(Records from a dataset)
--- START ---
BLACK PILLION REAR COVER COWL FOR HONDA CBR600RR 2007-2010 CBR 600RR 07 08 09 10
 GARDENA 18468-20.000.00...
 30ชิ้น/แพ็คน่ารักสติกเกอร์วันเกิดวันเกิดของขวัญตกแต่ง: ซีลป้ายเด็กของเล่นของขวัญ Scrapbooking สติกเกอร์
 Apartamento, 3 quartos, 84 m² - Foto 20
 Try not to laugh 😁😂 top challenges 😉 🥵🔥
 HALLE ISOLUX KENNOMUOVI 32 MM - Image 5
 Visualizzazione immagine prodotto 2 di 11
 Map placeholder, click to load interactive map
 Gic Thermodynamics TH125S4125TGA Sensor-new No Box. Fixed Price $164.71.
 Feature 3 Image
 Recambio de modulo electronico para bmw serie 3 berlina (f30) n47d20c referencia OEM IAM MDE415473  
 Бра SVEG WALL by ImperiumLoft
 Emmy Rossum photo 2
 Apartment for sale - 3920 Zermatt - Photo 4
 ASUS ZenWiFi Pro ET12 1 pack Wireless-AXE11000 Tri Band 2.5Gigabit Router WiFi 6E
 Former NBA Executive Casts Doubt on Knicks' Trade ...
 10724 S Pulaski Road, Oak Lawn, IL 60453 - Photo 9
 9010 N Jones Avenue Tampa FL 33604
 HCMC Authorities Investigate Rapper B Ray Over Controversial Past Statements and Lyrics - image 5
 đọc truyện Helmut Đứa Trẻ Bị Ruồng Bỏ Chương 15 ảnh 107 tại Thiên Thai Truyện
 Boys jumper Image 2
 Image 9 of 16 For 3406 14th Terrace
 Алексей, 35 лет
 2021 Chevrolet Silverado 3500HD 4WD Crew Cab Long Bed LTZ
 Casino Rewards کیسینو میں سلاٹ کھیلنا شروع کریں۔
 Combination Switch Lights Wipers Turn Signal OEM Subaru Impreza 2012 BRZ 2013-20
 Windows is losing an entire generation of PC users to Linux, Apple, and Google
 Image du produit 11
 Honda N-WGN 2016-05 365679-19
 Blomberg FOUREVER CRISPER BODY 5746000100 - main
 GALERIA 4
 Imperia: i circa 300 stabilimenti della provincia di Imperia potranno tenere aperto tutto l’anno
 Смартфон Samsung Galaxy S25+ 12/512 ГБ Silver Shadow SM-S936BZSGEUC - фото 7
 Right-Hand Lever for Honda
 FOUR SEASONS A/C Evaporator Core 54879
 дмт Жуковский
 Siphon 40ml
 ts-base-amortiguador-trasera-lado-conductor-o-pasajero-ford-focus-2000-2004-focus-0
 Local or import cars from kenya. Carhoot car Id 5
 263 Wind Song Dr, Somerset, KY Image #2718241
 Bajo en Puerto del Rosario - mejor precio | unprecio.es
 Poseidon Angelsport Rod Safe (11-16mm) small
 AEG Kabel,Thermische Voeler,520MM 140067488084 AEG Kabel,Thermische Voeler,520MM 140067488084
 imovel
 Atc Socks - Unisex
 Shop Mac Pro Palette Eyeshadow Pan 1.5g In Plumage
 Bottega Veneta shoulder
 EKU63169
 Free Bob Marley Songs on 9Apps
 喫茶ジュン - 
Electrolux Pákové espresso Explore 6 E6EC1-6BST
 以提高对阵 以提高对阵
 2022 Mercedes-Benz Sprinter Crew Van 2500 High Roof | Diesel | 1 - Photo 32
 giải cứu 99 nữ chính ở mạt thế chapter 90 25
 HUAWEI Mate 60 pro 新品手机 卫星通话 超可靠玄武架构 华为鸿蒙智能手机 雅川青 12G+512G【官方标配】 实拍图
--- END ---
** DIRECTIONS **
Please transcribe only the lines in the records above running from the line that has "Image 9 of 16 For 3406 14th Terrace" through the line that has "Poseidon Angelsport Rod Safe (11-16mm) small", both included, exactly as they appear.

** RESPONSE FOR THIS EXERCISE **
 Image 9 of 16 For 3406 14th Terrace
 Алексей, 35 лет
 2021 Chevrolet Silverado 3500HD 4WD Crew Cab Long Bed LTZ
 Casino Rewards کیسینو میں سلاٹ کھیلنا شروع کریں۔
 Combination Switch Lights Wipers Turn Signal OEM Subaru Impreza 2012 BRZ 2013-20
 Windows is losing an entire generation of PC users to Linux, Apple, and Google
 Image du produit 11
 Honda N-WGN 2016-05 365679-19
 Blomberg FOUREVER CRISPER BODY 5746000100 - main
 GALERIA 4
 Imperia: i circa 300 stabilimenti della provincia di Imperia potranno tenere aperto tutto l’anno
 Смартфон Samsung Galaxy S25+ 12/512 ГБ Silver Shadow SM-S936BZSGEUC - фото 7
 Right-Hand Lever for Honda
 FOUR SEASONS A/C Evaporator Core 54879
 дмт Жуковский
 Siphon 40ml
 ts-base-amortiguador-trasera-lado-conductor-o-pasajero-ford-focus-2000-2004-focus-0
 Local or import cars from kenya. Carhoot car Id 5
 263 Wind Song Dr, Somerset, KY Image #2718241
 Bajo en Puerto del Rosario - mejor precio | unprecio.es
 Poseidon Angelsport Rod Safe (11-16mm) small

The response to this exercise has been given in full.